The following are excerpts from Professor Wiesel’s remarks at the inauguration of the Video Archive at the Yale Library in November 1982.
“Future generations will be in your debt. No person in the world is as capable of gratitude as a survivor is, for we know that is by sheer luck that any of us is here. We could have been elsewhere. Nobody did anything to survive. We could have been among those who went just ten minutes before us. We didn’t do anything then. But then we tried to do whatever we can to justify our being here. We believe that every moment is a moment of grace and therefore every word must be an offering, and therefore every story must contain a secret which we try to share with as many of you, with all of you, as possible… a story of anguish, humiliation, and death. We still ask ourselves whenever we meet, whether in words or in silence, why? Why Majdanek, and why Belsen, and why Treblinka? Why? ... our duty has not been to understand, simply to remember. …Whenever survivors were asked for so many years to tell the story, every one of them would say only one sentence: “You won’t understand. You won’t understand.” …We want so much to try and give you what we feel is the essential part of our being, a fragment of a fire that will prevent the world from knowing another fire."

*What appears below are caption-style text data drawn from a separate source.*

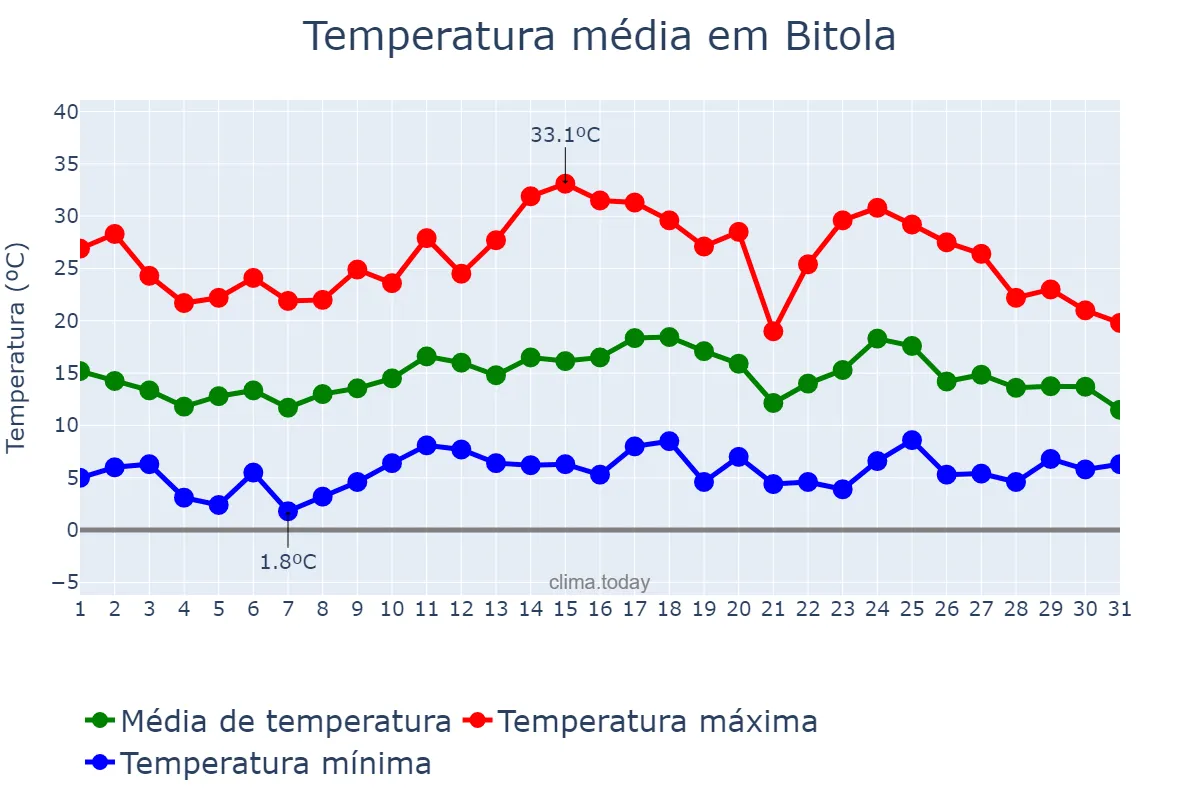 Temperatura em maio em Bitola, Bitola, MK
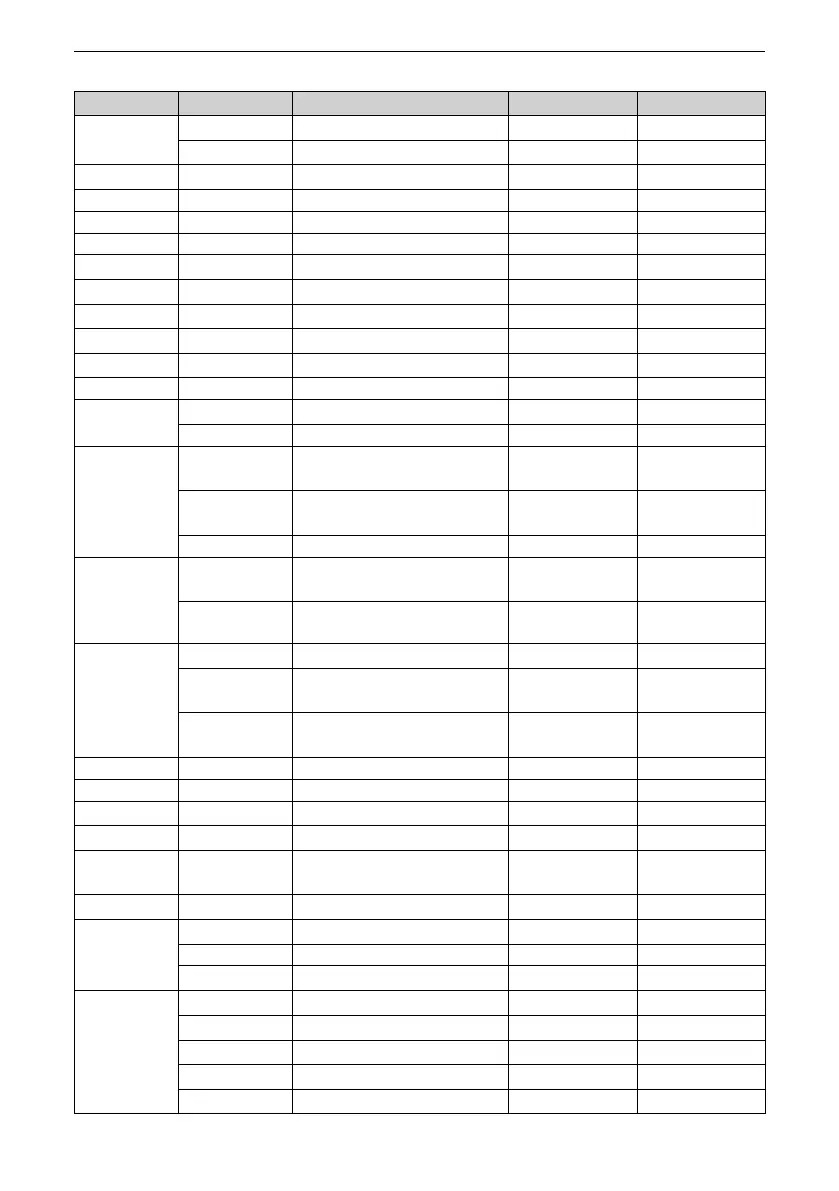 Page #102 background image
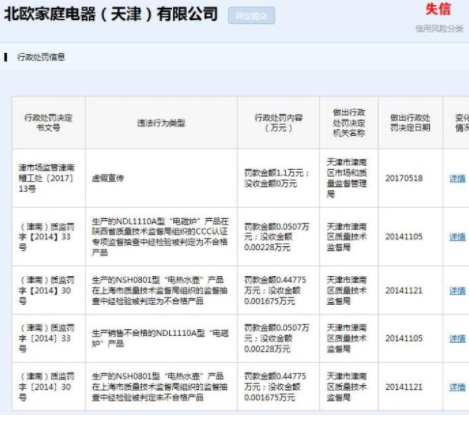 北歐歐慕是國產嗎？北歐歐慕假洋牌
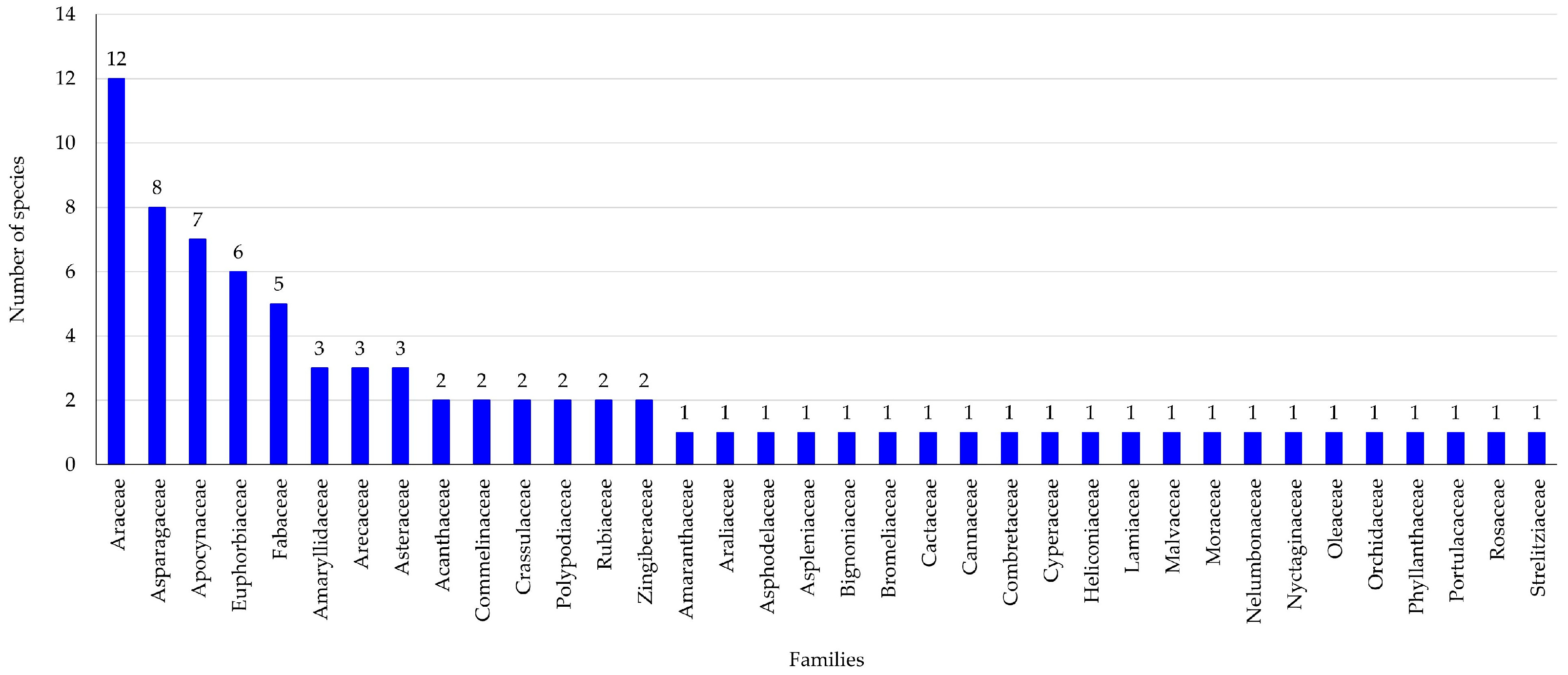 Diversity 17 00822 g002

A New York Times article (October 13, 1982, Section B, page 1) notes:
This fall, the 54-year-old Mr. Wiesel is Yale's first Henry Luce Visiting Scholar in the Humanities and Social Thought. As such, he teaches a course for undergraduates, entitled ''Literature and Memory,'' and leads a seminar for the faculty, entitled ''Attitudes Toward Suffering.''
350 students enrolled in the class, and reluctantly, Wiesel accepted them all based on cards they wrote about why they wanted to study with him.
At first reticent, his pupils have begun to offer questions; they are not easy questions. One young man asked, ''Is God unjust for punishing children for the sins of the father?''
''This is a basic question of religious philosophy,'' Mr. Wiesel responded. ''And there are so many questions, I wish even one of them could be answered.''
One more question remained on this day, and this Mr. Wiesel tried to answer by reaching into the words of the ages. He had been talking of a phrase in Jeremiah he never had understood, about the ground quaking. Only when a survivor of the Babi Yar massacre of 100,000 Jews told him how the land shook for two months after the mass burials did the words make sense, he said.
Elie Wiesel spoke at several subsequent Fortunoff Archive conferences and events and was the Chubb Fellow lecturer at Yale in December 2006. It is especially appropriate to remember Professor Elie Wiesel in May, Jewish American Heritage Month. He contributed to the education of so many through his writing, his speaking, and his teaching, at Boston University, Yale, and many other places. Many survivors had their testimonies recorded due to his support of the Fortunoff Video Archive. May his memory be for a blessing.